В своей третьей книге «Когда мы перестали понимать мир», описывая экспериментаторов — физиков, химиков и математиков, Лабатут сам будто оказывается в лаборатории, пытаясь докопаться до правды — не фактической, а до какой-то другой, писательской правды.
Книга обеспечила каждого журналиста вопросом для интервью: «как бы вы определили ее жанр?». На что в своей поэтичной и слегка высокомерной манере Лабатут отвечает:
«Если в ней и есть что-то не поддающееся классификации, то это лишь демонстрирует нашу дурную привычку мыслить категориями, которые уменьшают богатство вещей. Тем не менее, если бы мне пришлось отвечать с приставленным к голове пистолетом, я бы сказал, что это — фикшн».

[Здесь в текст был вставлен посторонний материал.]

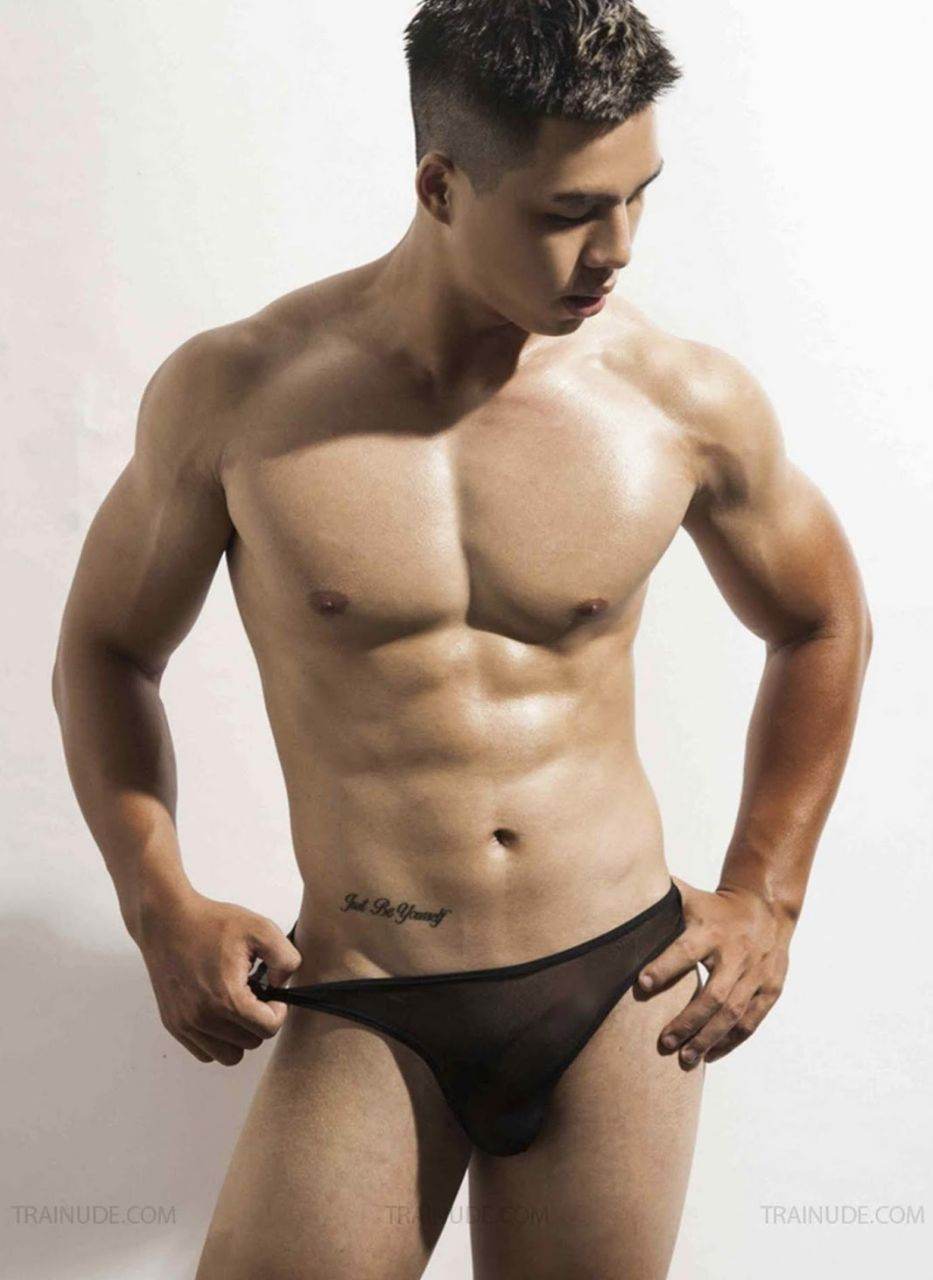 หนุ่มหล่อขึ้นปก 903.2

Автор рецензии в The New Yorker задается вопросом, имеет ли Лабатут право так пренебрегать границей между реальными фактами и его собственными домыслами? Это же становится постоянной темой обсуждений в интервью:
«Я не терплю литературу и мысли, у которых только одна сторона. Физики, о которых я пишу, не только производят расчеты, но и бездельничают. Интересующие меня математики одержимы детскими игрушками не меньше, чем тайнами, которые упорядочивают мир. Эти нарративные решения отвечают моим собственным интересам: я хочу знать, из чего состоит реальность, меня интересуют бред и экстаз, но я провожу добрую часть дня, борясь с подростками (хочу думать, что они русские или пакистанцы), которые смеются надо мной и взрывают мой мозг в Call of Duty».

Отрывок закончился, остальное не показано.